Task objective:
Extract the lines up to and including the one that contains "Bumbleberries 151 metallic", starting with the first line of the entries below, and omit the pictures.

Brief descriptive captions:
::::

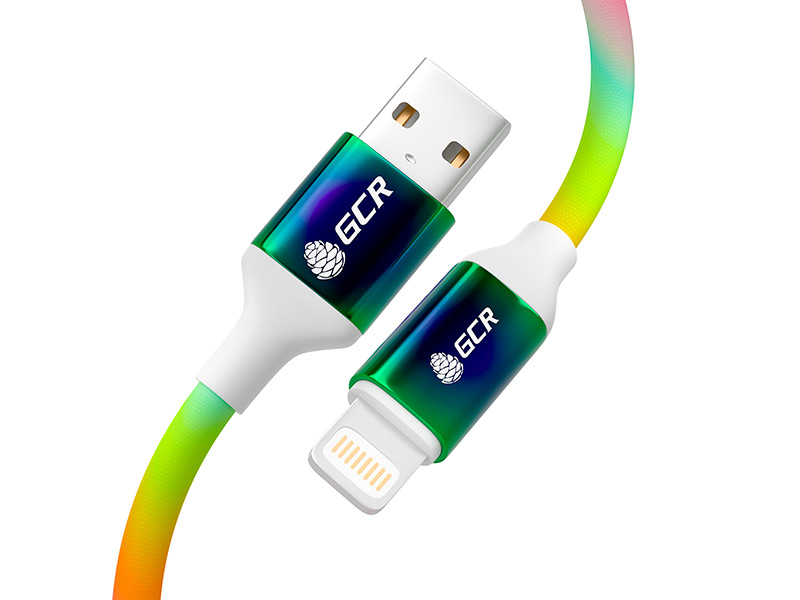 фото Аксессуар gcr usb 2.0 am/lightning 1.2m gradient gcr-53107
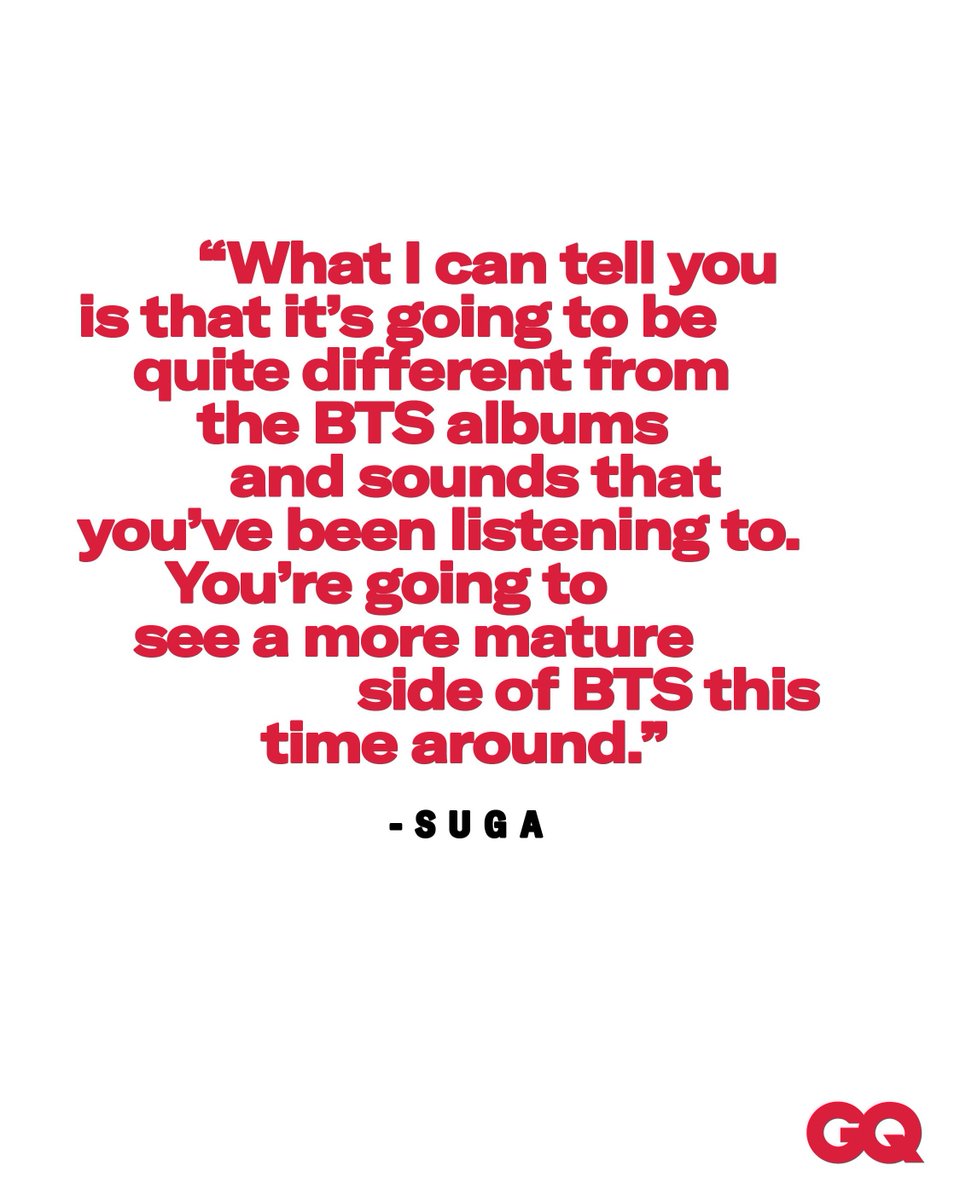 gqindia's tweet photo. What can the world expect from #BTS’s upcoming fifth album, their first group project since their four-year hiatus for mandatory #SouthKorean military service? 
https://t.co/JBTy1Fno0w https://t.co/RULQ7w696A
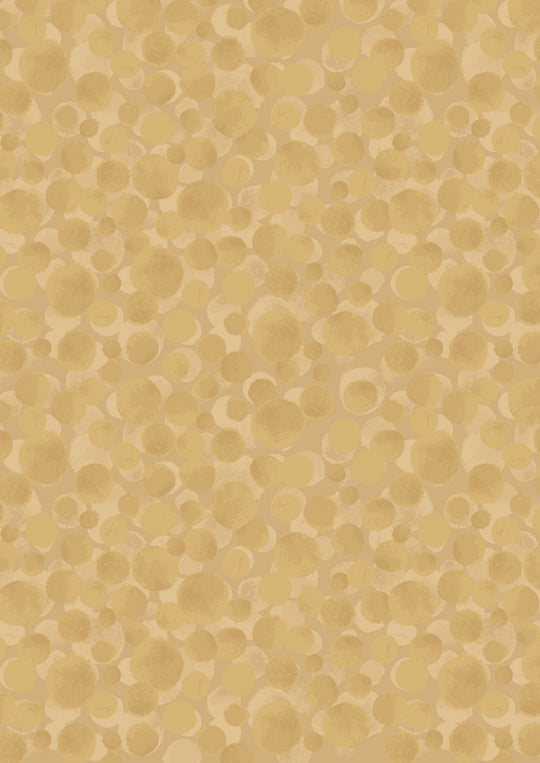 Bumbleberries 151 metallic gold - Lewis and Irene - 100% Cotton fabric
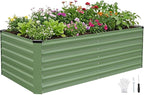 INNO STAGE 6x3x2ft Galvanized Raised Garden Bed, Raised Garden Bed Kit-Metal by INNOSTAGE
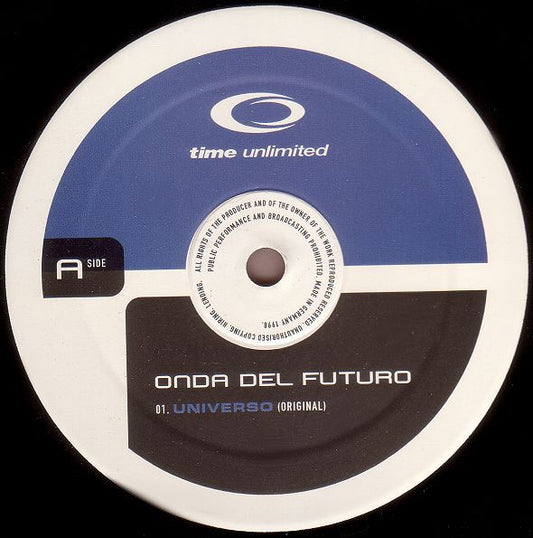 Onda Del Futuro : Universo (12")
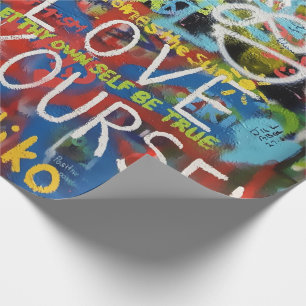 Papier Cadeau Graffiti coloré,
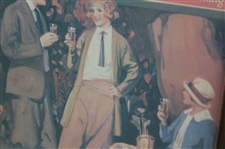 Coca Cola Golfers Advertisement - Framed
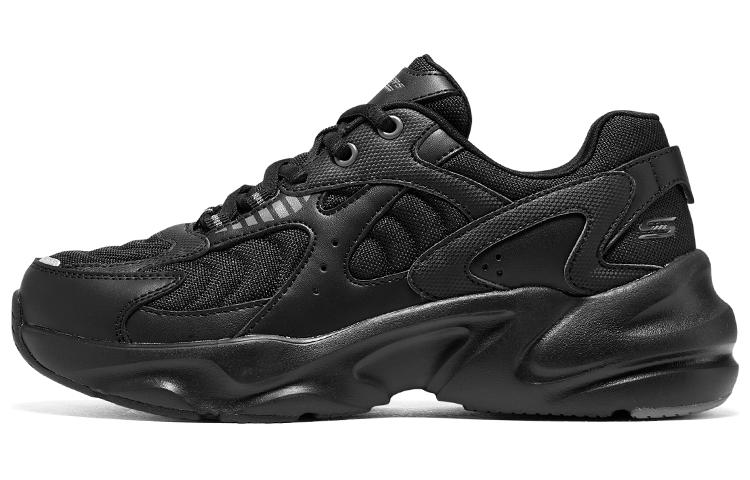 Skechers D'LITES Wave Rider Low Top Chunky Sneakers Women's Black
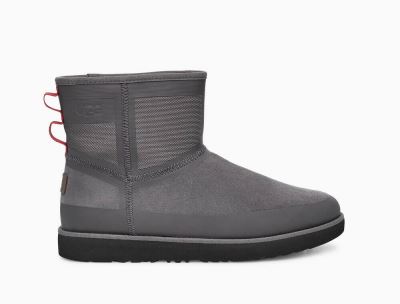 UGG Classic Mini Urban Tech Weather Classic Boots for Mens - Charcoal/Deep Grey India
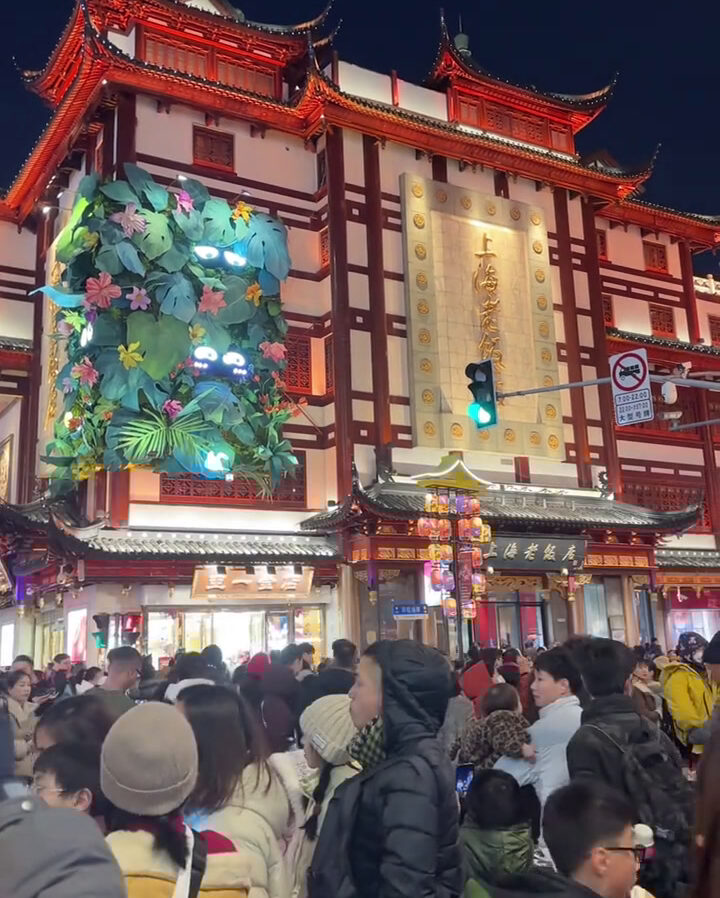 Shanghai City God Temple during Spring Festival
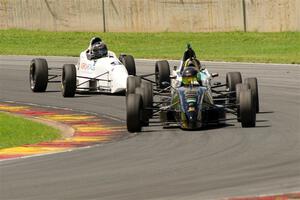Ayrton Cahan's Van Diemen RF00, Ava Hanssen's Mygale FF-AHR and Robert Stowell's Spectrum 015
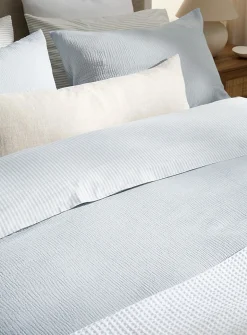 Organic cotton gauze duvet cover set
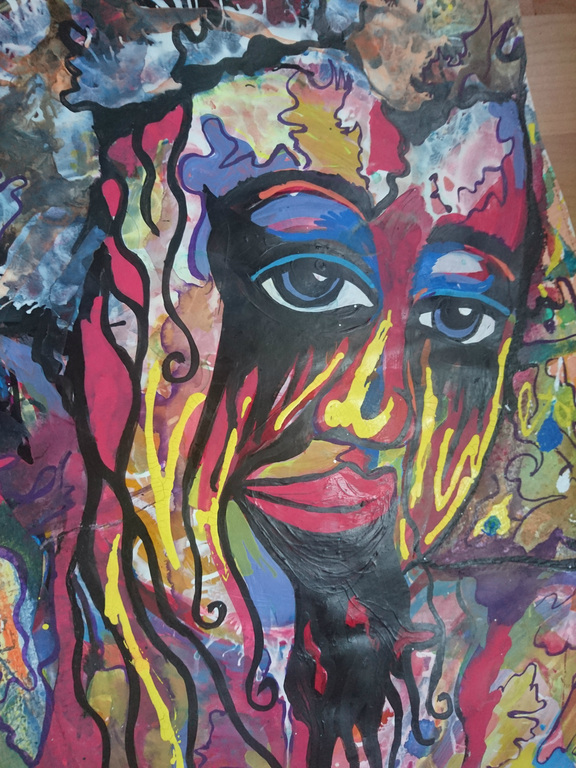 Zippora meijer  Devotion  Gem techniek op aquarelpapier kopen? Bied vanaf 45!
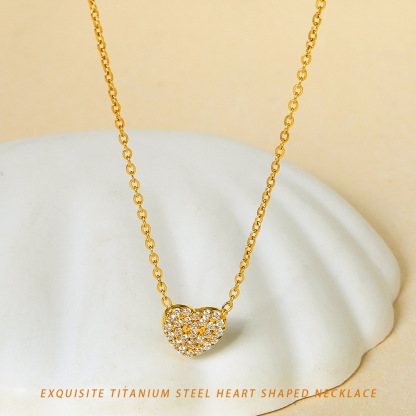 Heart Pendant Necklace for Her Moissanite Lab-Created Gem Jewelry for Women I Love You S925 Sterling Silver Gifts to Wife Girlfriend Mom Daughter Anniversary Birthday Christmas Valentines Day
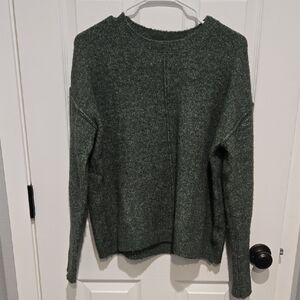 Elegant Forest Green Crew Neck Sweater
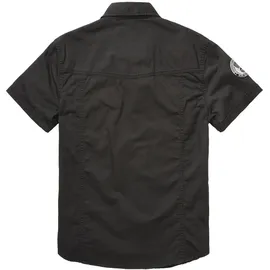 Brandit Textil Luis Vintage Kurzarmhemd Schwarz M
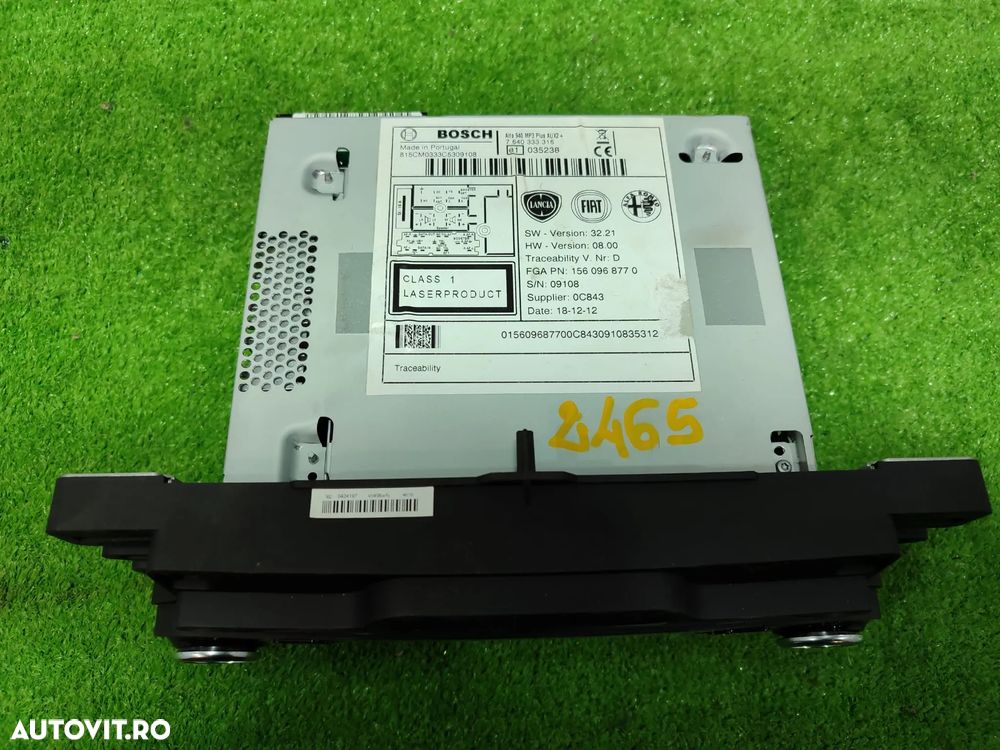UNITATE CENTRALA RADIO CD ALFA ROMEO GIULIETTA ( 940) COD OEM 8635133263 / 8635133283 / 7640333316 / 8635133227 2010 – 2016 (4H2) - 4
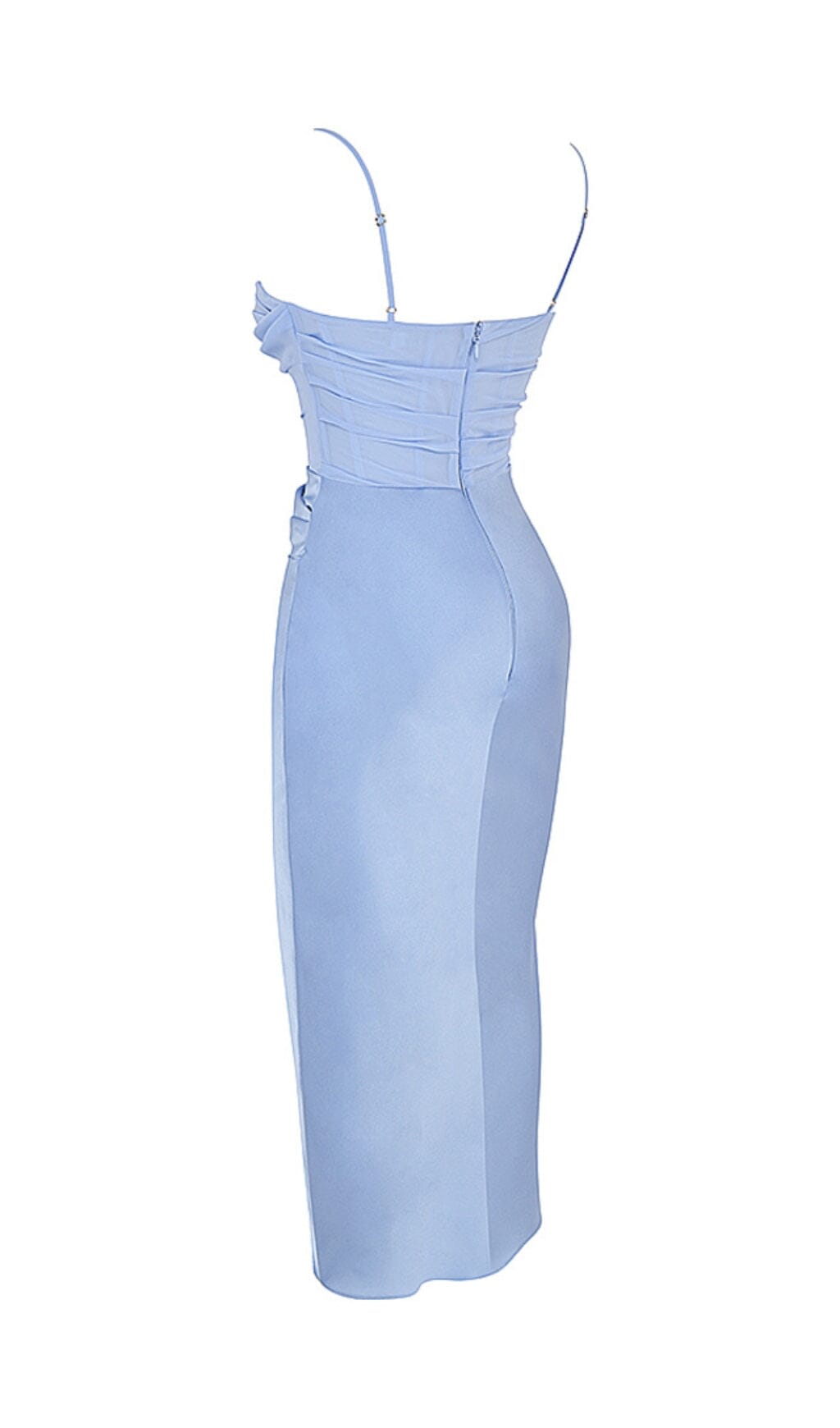 SKY DRAPED CORSET MIDI DRESS styleofcb 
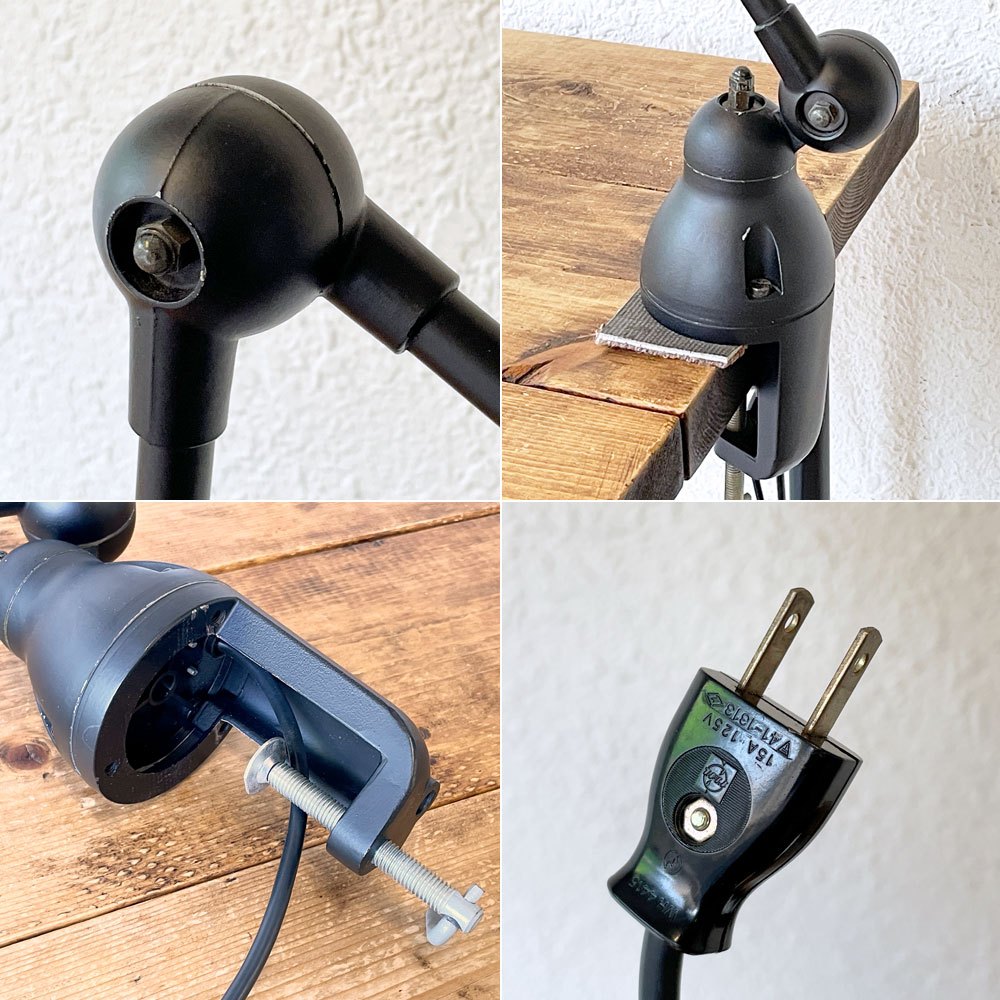 ジェルデ JIELDE 4040 デスクランプ クランプ DESK LAMP CLAMP クランプ式 マットブラック フランス インダストリアル 定価￥74,800- ◇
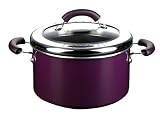 This Morning by Prestige 24 cm Non-Stick Aluminium Covered Stockpot, Purple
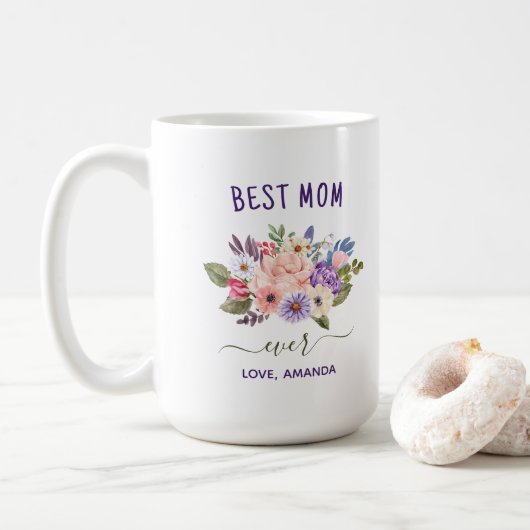 KUNDENZÄHLBARE BESTE MUTTERSCHAFT | Hübsche rustik Kaffeetasse (Mit Donut)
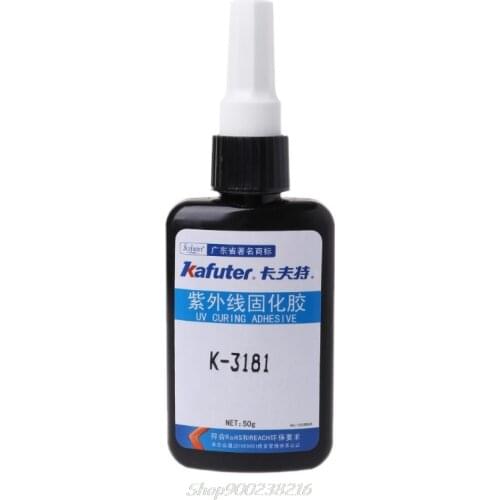Kafuter K-3181 UV Light Adhesive Strong Bonding For Metal Glass Cure Glue Jy30 20 Dropship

::::

Finished task:
 фото Аксессуар gcr usb 2.0 am/lightning 1.2m gradient gcr-53107
 gqindia's tweet photo. What can the world expect from #BTS’s upcoming fifth album, their first group project since their four-year hiatus for mandatory #SouthKorean military service? 
https://t.co/JBTy1Fno0w https://t.co/RULQ7w696A
 Bumbleberries 151 metallic gold - Lewis and Irene - 100% Cotton fabric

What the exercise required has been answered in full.